Iterations	Passed	Failed	Pass Rate	Avg Time
1	53	0	100%	50.7s
2	4	0	100%	146.5s
4	2	2	50.0%	287.5s
5	0	31	0%	246.7s

The pattern is striking: every problem that reaches 5 iterations fails. This is a hard ceiling, not a soft degradation. If the pipeline hasn't solved a problem in 4 attempts, the 5th attempt has zero empirical chance of succeeding.

Timing

Status	Avg Time	Median	Max
Passed	55.8s	47.1s	340.5s
Failed	383.1s	254.8s	1,020s

Failures take 6.9x longer on average — the system exhausts its iteration budget before admitting defeat.

Key Takeaways

94.7% non-agentic on CVDP demonstrates that iterative EDA feedback with a strong foundation model solves the vast majority of realistic RTL problems — not just textbook exercises.
Efficiency over brute force: ChipCraftX matches or beats ACE-RTL on 3/4 categories with 5 iterations vs their 150 attempts.
Agentic is the frontier: 64.1% on multi-file integration tasks shows where the real challenge lies.

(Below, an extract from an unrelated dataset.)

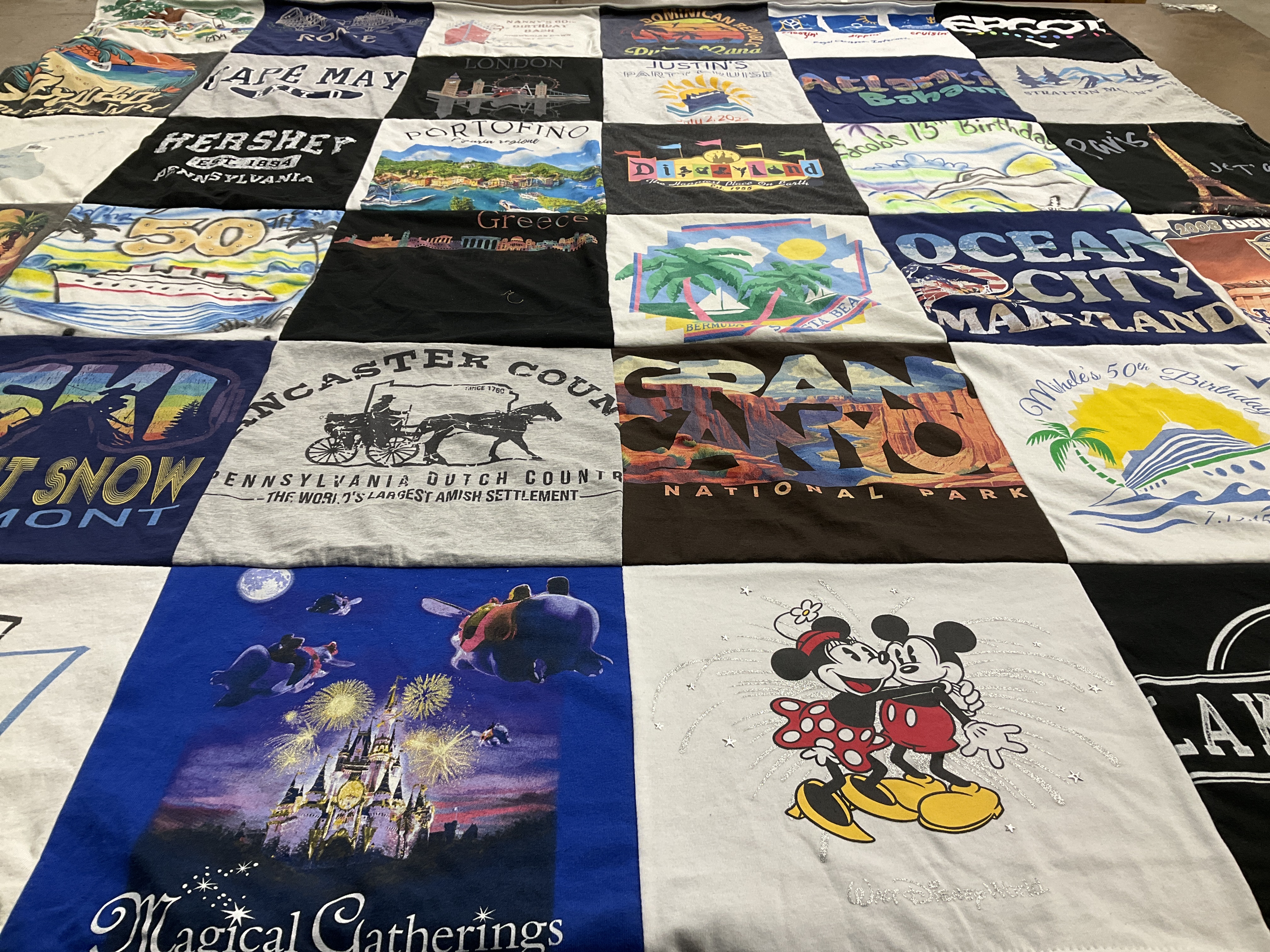 T-shirt quilt with travel, amusement themes by Sue from NJ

Code completion and spec-to-RTL are approaching saturation; module integration and debugging at scale are the next problems to solve.
Transparency builds trust: We report our cid016 gap honestly. ACE-RTL's restart mechanism is a good idea that we plan to adopt. The 16 non-agentic failures are understood and actively being addressed.

Results as of March 2026. ACE-RTL data from arXiv:2602.10218 (February 2026). All ChipCraftX evaluations use Icarus Verilog + cocotb on the open-source CVDP subset.